Should Carr or Memphis radio station owner George Flinn prevail against Alexander on Thursday, they would be the first challenger to knock off an incumbent U.S. senator in this year's midterm elections. So far this year, the argument that sitting senators have lost their connection with voters hasn't been a winner.
In Kentucky, the ultimate Senate insider, Minority Leader Mitch McConnell, had no trouble holding back tea party challenger Matt Bevin. It took a runoff to do it, but Sen. Thad Cochran also beat back an effort from state lawmaker Chris McDaniel to "primary" him in Mississippi.
The latest win for a Senate incumbent, and failure for the "insider" argument, came Tuesday when Kansas GOP Sen. Pat Roberts outpaced radiologist Milton Wolf. Roberts survived despite telling a radio interviewer last month: "Every time I get an opponent - uh, I mean, every time I get a chance - I'm home."
Alexander sought to avoid any chance Carr or Flinn could make that case against him by locking down key endorsements early. He's spent the final few weeks of the campaign on a 35-stop bus tour around the state stressing his ability to get results in a divided Senate.

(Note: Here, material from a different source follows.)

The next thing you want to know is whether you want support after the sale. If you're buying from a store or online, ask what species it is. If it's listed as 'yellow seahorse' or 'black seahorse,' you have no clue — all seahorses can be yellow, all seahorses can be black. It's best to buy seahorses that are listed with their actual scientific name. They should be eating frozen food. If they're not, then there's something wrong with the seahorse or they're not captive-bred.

Fred Thompson, Alexander's predecessor in the Senate and fellow former staffer for the late Senate Majority Leader Howard Baker, R-Tenn., said Alexander's experience and deal-making capabilities will be all the more crucial if Republicans regain the majority in the Senate in November.

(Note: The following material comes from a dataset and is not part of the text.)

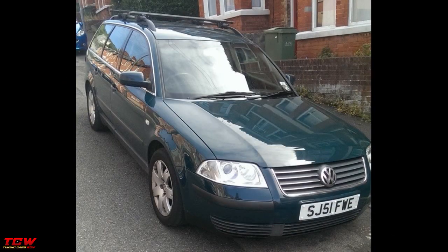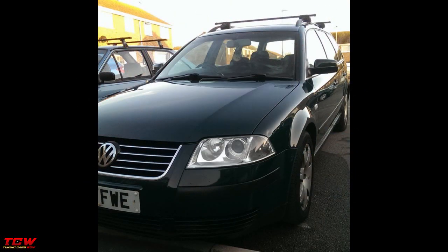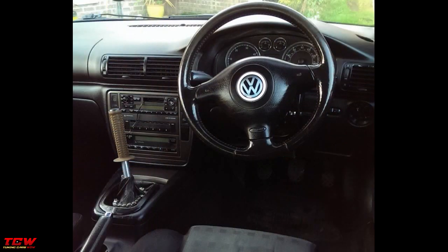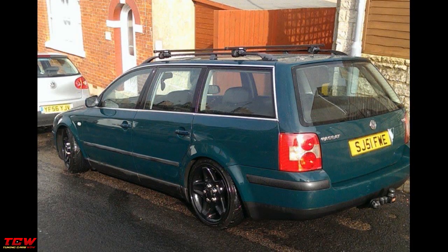Hello friends and car enthusiasts! This video is about a Volkswagen Passat B5.5 build. This Passat is static and it's on Japan Racing rims. Before it was static, then the owner changed wheels, changed coilovers, and tried to make a clean look. You will see all the changes through the video. I hope you will see nice ideas and get inspired from this project.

"We're going to need leadership like never before," he said. "We're going to need people who know how to get things done, who have demonstrated throughout their political careers strong conservative Tennessee values."
On Wednesday, Alexander's tour took him to Lawrenceburg, the hometown of Thompson, who was along for the ride and introduced the senator's speech at a restaurant on the town square. Alexander said afterward that he's worked to maintain close contacts made during his walking tour through several generations of families.
"I've stayed very connected to Tennessee and Tennesseans know that," Alexander said. "The question is do they want to give me the opportunity to continue to be the kind of senator that I was as governor, which is to try to get results."
Alexander has outspent Carr by a ratio of five-to-one through the most recent campaign finance disclosures, but Carr said voter unrest over issues like immigration should be enough to make up for his vast disadvantage in fundraising. Reminded that he once predicted it would take more than $5 million to oust the incumbent, Carr - who has raised about $1 million - laughed and said: "I was wrong."
Also on the Tennessee ballot Thursday is embattled Republican Rep. Scott DesJarlais, a physician from the small south Tennessee town of Jasper who won re-election in 2012 despite revelations that he once urged a patient he was dating to seek an abortion.
After the election, court officials released transcripts of divorce proceedings that included DesJarlais admitting under oath that he had eight affairs, encouraged a lover to get an abortion and used a gun to intimidate his first wife during an argument.
Last year, DesJarlais was reprimanded and fined by the Tennessee Board of Medical Examiners in May for having sex with patients. But the congressman has since doubled down on his tea party credentials and has dismissed the details about his personal life as "old news." He faces state Sen. Jim Tracy, who has far outraised the incumbent.
Other contested congressional primaries include the latest primary challenge to Democratic Rep. Steve Cohen, a white and Jewish Memphis native, in the state's majority black 9th Congressional District. Challenger Ricky Wilkins, an attorney and African American, has sought to highlight ethnic and racial differences between Cohen and his constituents in the district, which Cohen has represented since 2006.